Claudio Landolt hat dem Glarner Vorderglärnisch das Buch «Nicht die Fülle nicht Idylle nicht der Berg» gewidmet. Im Gespräch erzählt er von seinen Fieldrecordings auf dem Berg, vom Entstehen der Texte und davon, ob es ihm eher beim Schreiben oder auf dem Berg schwindelt.
«Wir würden über den Ursprung wandern», so beschreibst du den Aufstieg auf den Vorderglärnisch. Wo liegt der Ursprung deiner Faszination für diesen Berg?

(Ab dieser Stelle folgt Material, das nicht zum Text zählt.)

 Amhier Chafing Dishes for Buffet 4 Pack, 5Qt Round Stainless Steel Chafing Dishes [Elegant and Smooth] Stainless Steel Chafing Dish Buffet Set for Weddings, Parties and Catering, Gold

Die Silhouette des Vorderglärnisch hat mich schon immer an einen Triangel erinnert. Irgendwann begann ich mich praktizierend für experimentelle Musik und Fieldrecordings zu interessieren und nahm mir für meine Masterarbeit in Kulturpublizistik (an der ZHDK) vor, diesen Berg akustisch zu vermessen. Die Texte waren damals eigentlich nur ein Nebenzimmer. Eine Art Ausgleich oder Annexbau zur Tonwelt, die mir diese Recherche eröffnete. Als ich meinem sechsjährigen Sohn sagte, ich wolle den grossen Chlotz da aufnehmen, entgegnete er mir: «Der tönt doch nicht.» Da ich als (ausgewanderter und wieder zurückgekehrter Glarner) zudem noch nie auf dem Vorderglärnisch war, wurde diese Auseinandersetzung mit dem Berg auch zu einem Versöhnungsversuch mit einem Ort, der mir mittlerweile fremd war.
Wie muss man sich dein Schreiben vorstellen: auf Wanderung mit Blöckli auf dem Bänkli oder hinterher in der Schreibstube, in Erinnerungen den Berg noch einmal hochsteigend?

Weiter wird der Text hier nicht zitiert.